One Of Virginia’s Best
Innovative Peak View Teacher Named Elementary Math Educator Of The Year
Posted: February 23, 2013
Eric Imbrescia, third-grade teacher at Peak View Elementary School, instructs (left to right) Kyle Dutt, 8, Denali Judd, 9, and Vanessa Jimenez, 8, during an exercise with a fraction formula game Wednesday. Imbrescia was named math teacher of the year by the Virginia Council of Teachers of Mathematics. (Photos by Michael Reilly / DN-R)
Eric Imbrescia, third-grade teacher at Peak View Elementary School, helps students during an exercise with fractions on Wednesday.
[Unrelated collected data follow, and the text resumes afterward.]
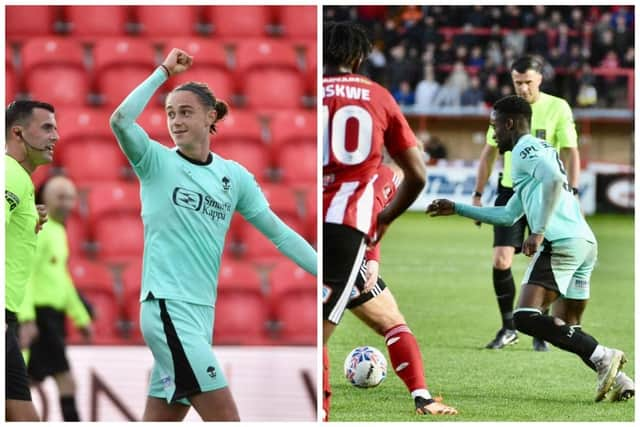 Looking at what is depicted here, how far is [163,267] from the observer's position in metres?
3.26

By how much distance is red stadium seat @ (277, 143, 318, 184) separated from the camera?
5.83m

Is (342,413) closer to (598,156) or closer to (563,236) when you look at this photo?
(563,236)

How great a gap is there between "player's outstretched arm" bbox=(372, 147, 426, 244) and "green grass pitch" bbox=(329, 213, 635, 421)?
843 millimetres

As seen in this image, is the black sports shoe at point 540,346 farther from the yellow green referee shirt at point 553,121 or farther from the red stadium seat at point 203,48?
the red stadium seat at point 203,48

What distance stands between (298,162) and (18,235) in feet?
8.34

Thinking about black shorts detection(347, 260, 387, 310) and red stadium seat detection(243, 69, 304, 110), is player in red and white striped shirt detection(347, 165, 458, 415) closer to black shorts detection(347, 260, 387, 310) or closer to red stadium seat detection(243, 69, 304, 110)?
black shorts detection(347, 260, 387, 310)

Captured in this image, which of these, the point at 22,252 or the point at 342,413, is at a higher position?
the point at 22,252

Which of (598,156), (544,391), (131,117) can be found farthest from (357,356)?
(598,156)

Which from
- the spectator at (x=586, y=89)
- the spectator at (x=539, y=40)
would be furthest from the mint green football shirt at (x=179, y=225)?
the spectator at (x=586, y=89)

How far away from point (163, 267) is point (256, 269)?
9.55ft

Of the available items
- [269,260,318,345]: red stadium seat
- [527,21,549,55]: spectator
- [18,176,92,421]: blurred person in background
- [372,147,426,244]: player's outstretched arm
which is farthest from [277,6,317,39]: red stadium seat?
[527,21,549,55]: spectator

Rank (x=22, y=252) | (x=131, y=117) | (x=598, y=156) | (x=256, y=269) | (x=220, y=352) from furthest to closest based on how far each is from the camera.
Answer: (x=598, y=156) < (x=256, y=269) < (x=220, y=352) < (x=22, y=252) < (x=131, y=117)

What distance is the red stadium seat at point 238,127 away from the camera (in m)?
6.11

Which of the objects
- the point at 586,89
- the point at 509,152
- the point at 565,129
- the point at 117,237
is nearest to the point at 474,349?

Imbrescia will be presented the 2013 William C. Lowry Mathematics Educator of the Year award on March 8 in Virginia Beach.
That’s because instead of lecturing about simplifying fractions or probability, Imbrescia often dresses up the concepts in a game, one of the signatures of the award-winning math teacher’s methods.
“It’s just more fun for them,” said Imbrescia, who is the Virginia Council of Teachers of Mathematics’ 2013 William C. Lowry Mathematics Educator of the Year for the elementary school level.
The council, a nonprofit resource for the state’s math educators, named Imbrescia the winner of the award at the end of January. He has been teaching third grade at Peak View Elementary School in Penn Laird for 10 years.
The other cornerstone of his math class is a belief that the answers are not as important as how students arrive at them.
“I teach math through a problem-solving-based approach,” he says, meaning that simply writing “27 + 5” on a piece of paper and doing traditional addition is out the window.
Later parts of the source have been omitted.